DDLB#
This workload (test_template_name is DDLB) allows you to execute DDLB (Distributed Deep Learning Benchmarks) within the CloudAI framework. Please find the DDLB README at samnordmann/ddlb.
Usage Example#
Test TOML example:
name = "my_ddlb_test"
description = "Example DDLB test"
test_template_name = "DDLB"
[cmd_args]
docker_image_url = "gitlab-master.nvidia.com/nsarkauskas/ddlb:latest"
primitive = "tp_columnwise"
dtype = "float16"
Test Scenario example:
name = "ddlb-test"
[[Tests]]
id = "ddlb.1"
num_nodes = 1
time_limit = "00:10:00"
test_name = "my_ddlb_test"
Test-in-Scenario example:
name = "ddlb-test"
[[Tests]]
id = "ddlb.1"
num_nodes = 1
time_limit = "00:10:00"
name = "my_ddlb_test"
description = "Example DDLB test"
test_template_name = "DDLB"
[Tests.cmd_args]
docker_image_url = "gitlab-master.nvidia.com/nsarkauskas/ddlb:latest"

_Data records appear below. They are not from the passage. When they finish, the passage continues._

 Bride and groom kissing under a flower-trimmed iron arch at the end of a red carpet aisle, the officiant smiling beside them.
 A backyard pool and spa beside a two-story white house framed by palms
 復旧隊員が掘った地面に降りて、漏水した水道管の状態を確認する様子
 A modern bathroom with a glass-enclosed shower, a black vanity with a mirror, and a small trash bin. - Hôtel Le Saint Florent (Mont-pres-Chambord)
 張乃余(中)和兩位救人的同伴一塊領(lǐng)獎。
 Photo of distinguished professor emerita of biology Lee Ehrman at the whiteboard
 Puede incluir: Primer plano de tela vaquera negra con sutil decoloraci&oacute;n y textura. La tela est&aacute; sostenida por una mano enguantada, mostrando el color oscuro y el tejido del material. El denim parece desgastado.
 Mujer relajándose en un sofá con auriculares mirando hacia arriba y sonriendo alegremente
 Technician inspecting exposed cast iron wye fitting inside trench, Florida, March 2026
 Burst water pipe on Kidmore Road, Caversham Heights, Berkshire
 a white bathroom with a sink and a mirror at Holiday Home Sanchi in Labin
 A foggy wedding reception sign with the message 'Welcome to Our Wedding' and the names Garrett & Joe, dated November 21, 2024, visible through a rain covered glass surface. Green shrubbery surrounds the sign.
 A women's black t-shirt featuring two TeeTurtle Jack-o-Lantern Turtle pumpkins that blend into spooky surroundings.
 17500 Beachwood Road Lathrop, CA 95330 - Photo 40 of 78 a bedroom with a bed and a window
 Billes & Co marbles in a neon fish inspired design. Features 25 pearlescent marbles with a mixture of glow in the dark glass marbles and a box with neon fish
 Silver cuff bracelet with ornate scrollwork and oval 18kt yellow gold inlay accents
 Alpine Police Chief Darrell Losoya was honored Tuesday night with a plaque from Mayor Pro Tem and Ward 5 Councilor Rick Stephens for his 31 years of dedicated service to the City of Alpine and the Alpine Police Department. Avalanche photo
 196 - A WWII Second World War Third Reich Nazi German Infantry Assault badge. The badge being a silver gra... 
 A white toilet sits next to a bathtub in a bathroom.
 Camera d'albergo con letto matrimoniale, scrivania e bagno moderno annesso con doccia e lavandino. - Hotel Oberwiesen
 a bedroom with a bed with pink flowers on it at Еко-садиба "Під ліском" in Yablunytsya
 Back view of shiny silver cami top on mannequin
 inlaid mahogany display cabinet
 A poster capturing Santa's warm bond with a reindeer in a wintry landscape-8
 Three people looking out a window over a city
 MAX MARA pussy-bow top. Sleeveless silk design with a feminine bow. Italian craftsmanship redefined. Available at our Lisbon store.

primitive = "tp_columnwise"
m = 1024
n = 128
k = 1024
dtype = "float16"
num_iterations = 50
num_warmups = 5
impl = "pytorch;backend=nccl;order=AG_before"
API Documentation#
Command Arguments#
- class cloudai.workloads.ddlb.ddlb.DDLBCmdArgs(
- *,
- docker_image_url: str,
- primitive: str,
- m: int | list[int] = 1024,
- n: int | list[int] = 128,
- k: int | list[int] = 1024,
- dtype: str,
- num_iterations: int = 50,
- num_warmups: int = 5,
- impl: str | list[str] = 'pytorch;backend=nccl;order=AG_before',
- **extra_data: Any,
Bases:
CmdArgsDDLB test command arguments.
- docker_image_url: str#
- primitive: str#
- m: int | list[int]#
- n: int | list[int]#
- k: int | list[int]#
- dtype: str#
- num_iterations: int#
- num_warmups: int#
- impl: str | list[str]#
Test Definition#
- class cloudai.workloads.ddlb.ddlb.DDLBTestDefinition(
- *,
- name: str,
- description: str,
- test_template_name: str,
- cmd_args: DDLBCmdArgs,
- extra_env_vars: dict[str, str | List[str]] = {},
- extra_cmd_args: dict[str, str] = {},
- extra_container_mounts: list[str] = [],
- git_repos: list[GitRepo] = [],
- nsys: NsysConfiguration | None = None,
- predictor: PredictorConfig | None = None,
- agent: str = 'grid_search',
- agent_steps: int = 1,
- agent_metrics: list[str] = ['default'],
- agent_reward_function: str = 'inverse',
Bases:
TestDefinitionTest object for DDLB.
- cmd_args: DDLBCmdArgs#
- property extra_args_str: str#
- property docker_image: DockerImage#
- property installables: list[Installable]#